Within this broad scenario Harry Bassett was foaled in 1868, a son of Lexington out of Canary Bird, by Albion. He grew to a large speciman of 16.5 hands and 1,300 pounds.
Harry Bassett Is Choice of the Historic Review Committee
The National Museum Racing Hall of Fame Historic Review Committee was brought into action, as well as the Steeplechase Committee, to review accomplishments of Thoroughbreds and members of the Thoroughbred industry of pre-modern years and to recommend those established records for award purposes.
Harry Bassett’s record as a registered Thoroughbred merited such review, as suggested by the committee.
Unbeaten in nine starts at age three, Harry Bassett won 20 of his first 24 races and 23 of 36 career contests. His total record included five seconds and three thirds as well.
In track earnings, Harry Bassett bankrolled $55,920 for his owner, Colonel David McDaniel. Harry Bassett originally sold for $315 at the Woodburn Stud sale as a yearling. It would take about $5,100 in today’s market to equal that value.
The Belmont Stakes, the Travers Stakes, the Jersey Derby, and the Saratoga Cup were among the races Harry Bassett won in his prime.
Colonel McDaniel was also Harry Bassett’s trainer. The colt was bred in Kentucky by A. J. Alexander.
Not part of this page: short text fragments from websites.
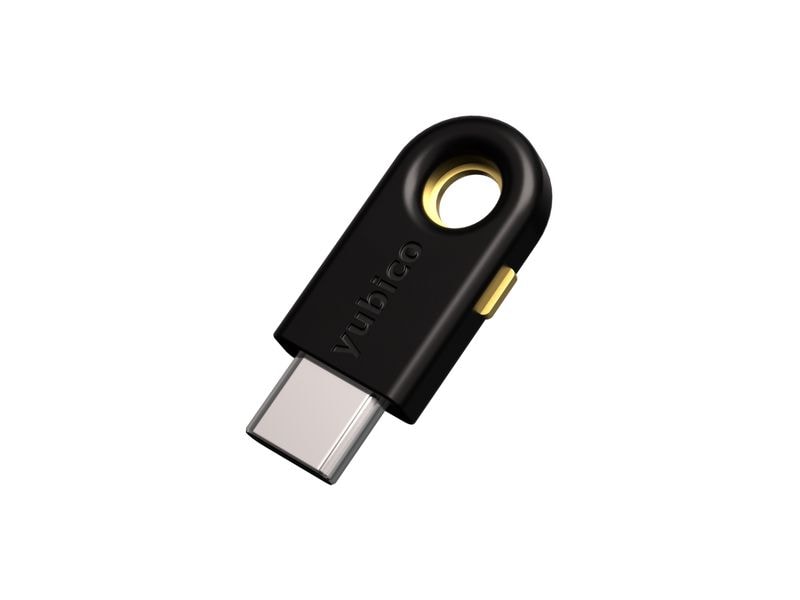 Yubico YubiKey 5C FW 5.7 USB-C, 1 Stück YubiKey 5-Serie: Der Sicherheitsschlüssel mit Unterstützung mehrerer Protokolle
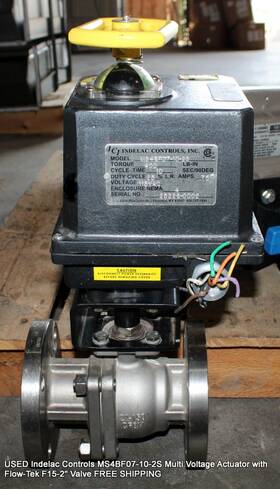 Ms4bf07-10-2s Indelac Controls Actuator And Flow-tek F15-2 Inch Valve Free Shipping Ms4bf07-10-2s Indelac Controls Actuator And Flow-tek F15-2 Inch Valve Free Shipping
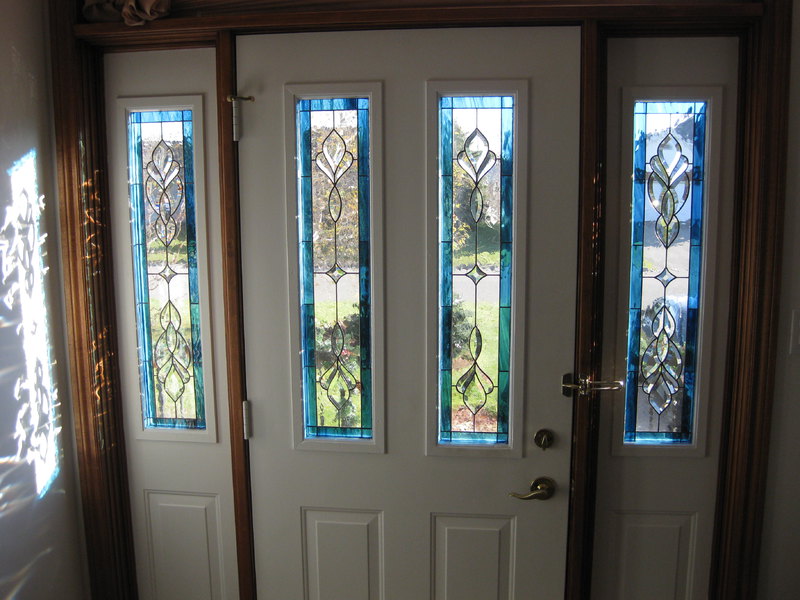 front door glass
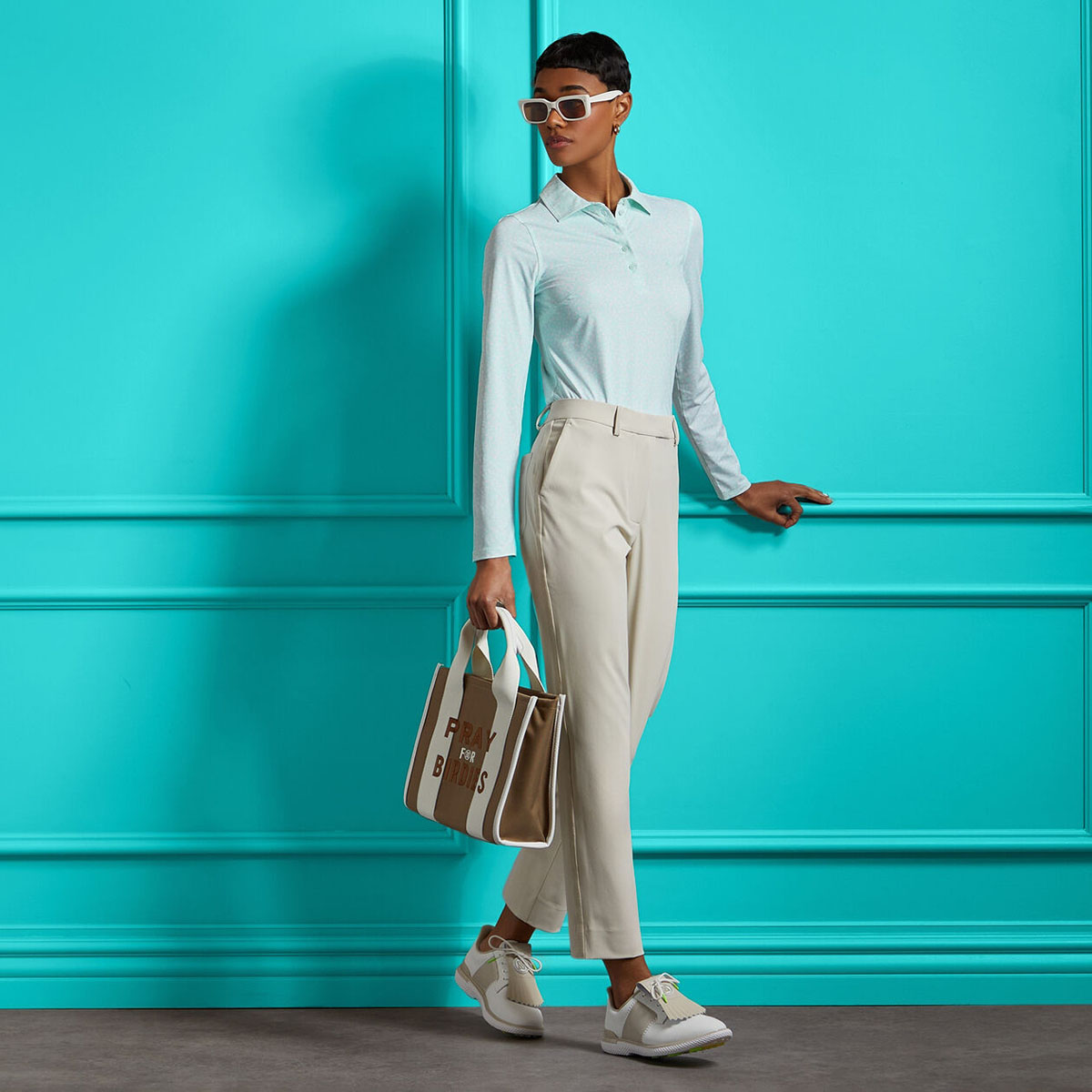 ÁO POLO GARDEN SILKY TECH NYLON LONG SLEEVE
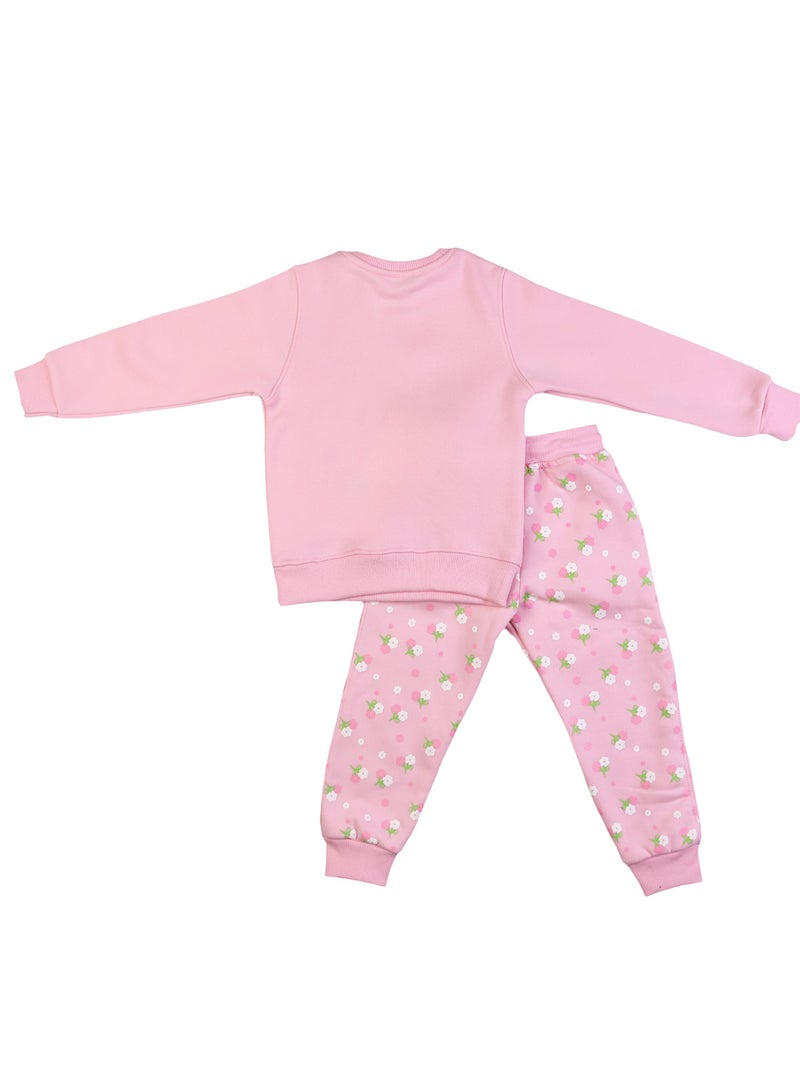 زيركون بيجامة شتوي بناتي - 2236 - Image 3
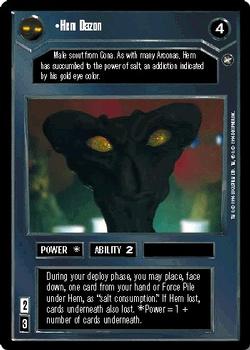 1996 Decipher Star Wars CCG: A New Hope Limited #NNO Hem Dazon Front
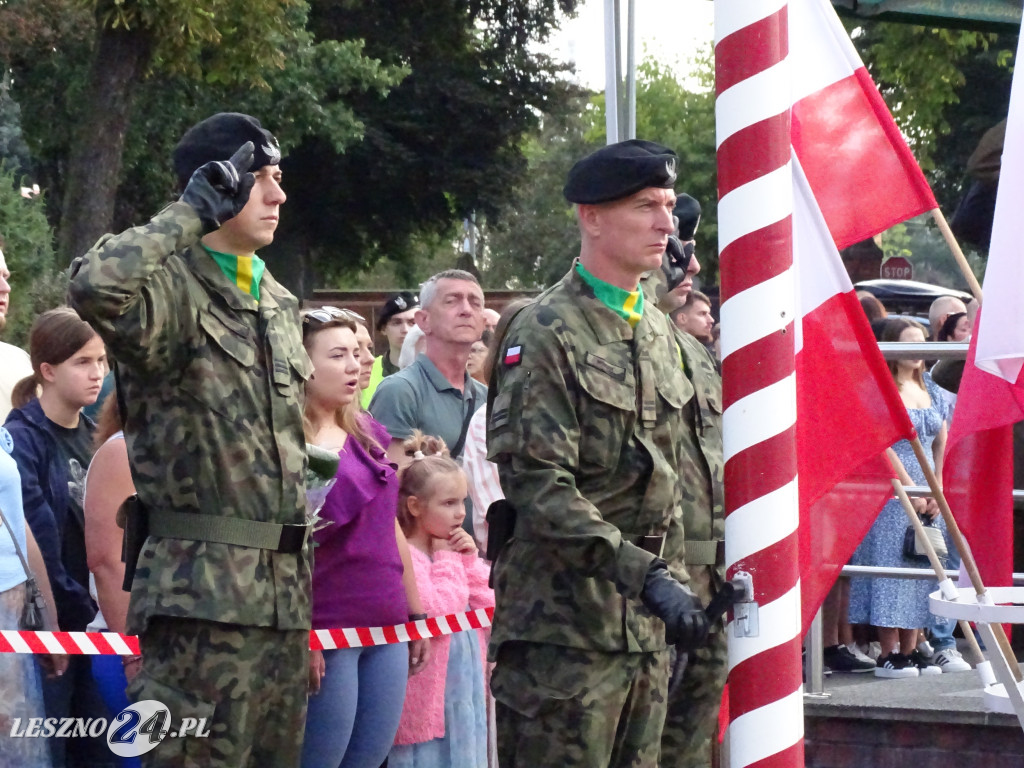Przysięga wojskowa w Lesznie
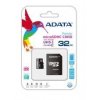 MicroSD Карта памяти 32GB A-DATA Class 10 Premier + SD адаптер (PC)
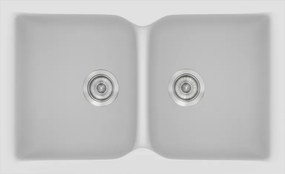 Sanitec Classic 336 (86×50) - Γρανιτένιος νεροχύτης - Metallic ICE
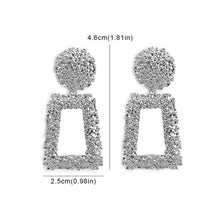 Load image into Gallery viewer, Fashion Statement Earrings 2019 Big Geometric Round Earrings For Women Hanging Dangle Earrings Drop Earing Modern Female Jewelry
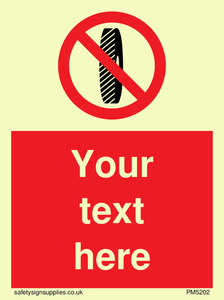 Custom Do Not Change Grinding Wheel Sign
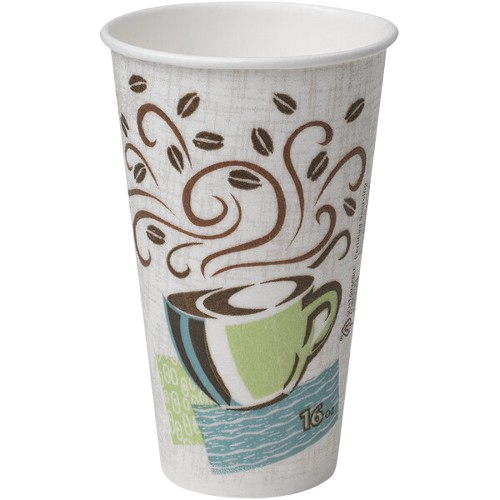 Dixie PerfecTouch Insulated Hot/Cold Paper Cups 16 oz. - 500/Case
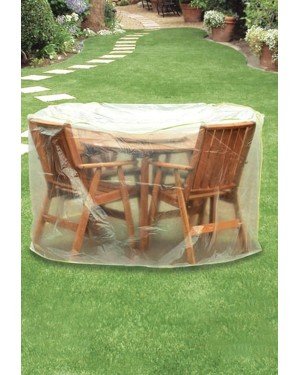 Homaks - 200x100x100 cm Mobilya Koruma Örtüsü Su Geçirmez - Masa ve 4-6 Sandalye İçin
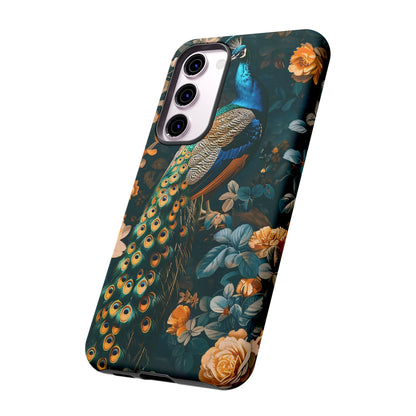 Peacock Phone Case - Elegant Floral Design, Tough Case for Protection, Unique Gift for Nature Lovers, Stylish Accessory, Eco-Friendly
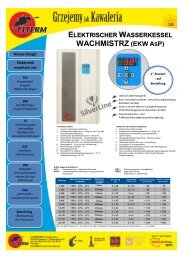 elektrischer wasserkessel wachmistrz (ekw asp) - Elterm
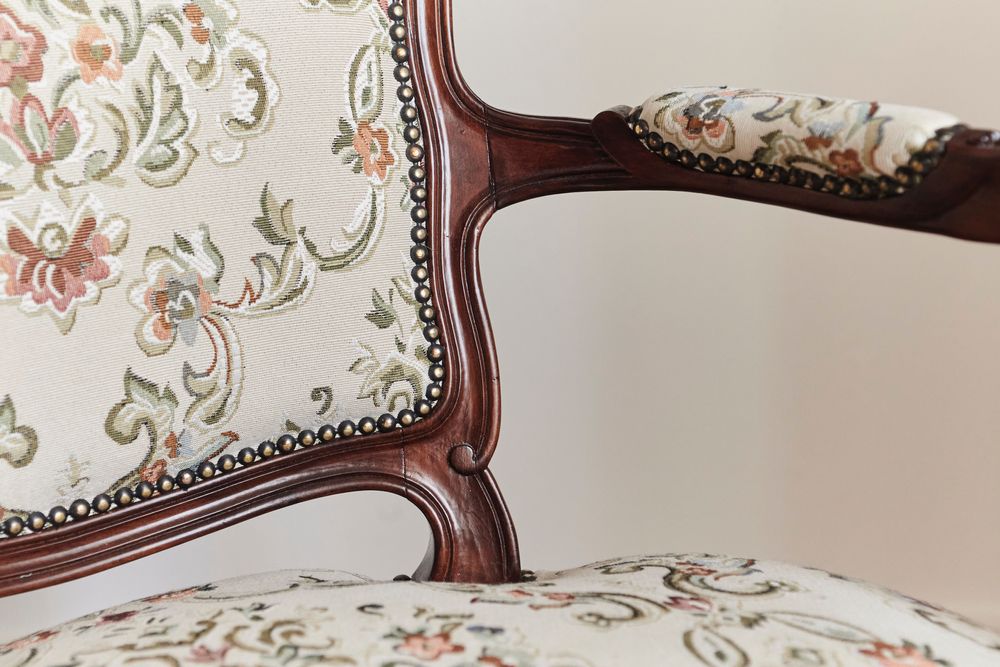 Zestaw wypoczynkowy w stylu Ludwik XVI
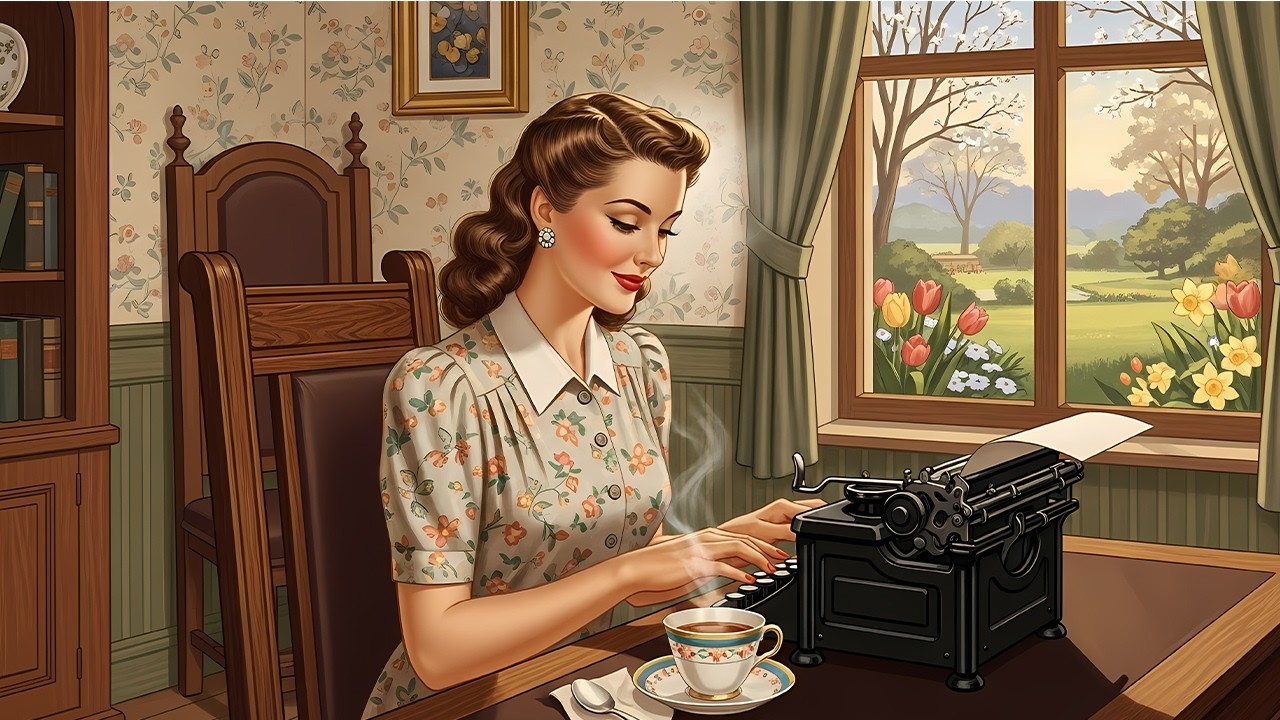 gentle vintage jazz for a peaceful morning ☀️ 1940s café music & cozy coffee vibes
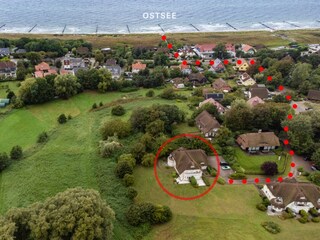 Vogelperspektive Strand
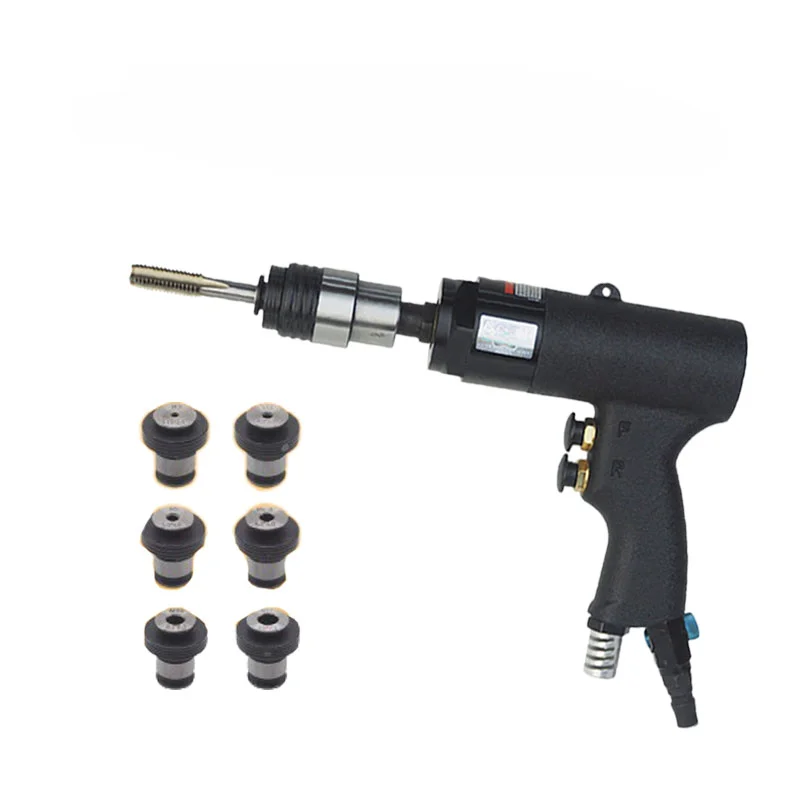 For Handheld Positive Reversal Gun Type Tapping Machine Pneumatic Pistol Drill Hole Punch Portable Air Equipment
Hall of Fame Induction at Saratoga
Retired jockey Gary Stevens served as a past honoree speaker at the National Museum and Racing Hall of Fame 2010 induction ceremonies held at Saratoga Springs, New York on August 13.
The other two Historic Review Committee inductees were jockey Don Pierce and a trainer Pierce often worked for, M.E. “Buster” Millerick.
The four contemporary inductees elected by the 182 NMR’s Hall of Fame members were jockey Randy Romero and Thoroughbreds Azeri, Best Pal, and Point Given, who was ridden regularly by Stevens.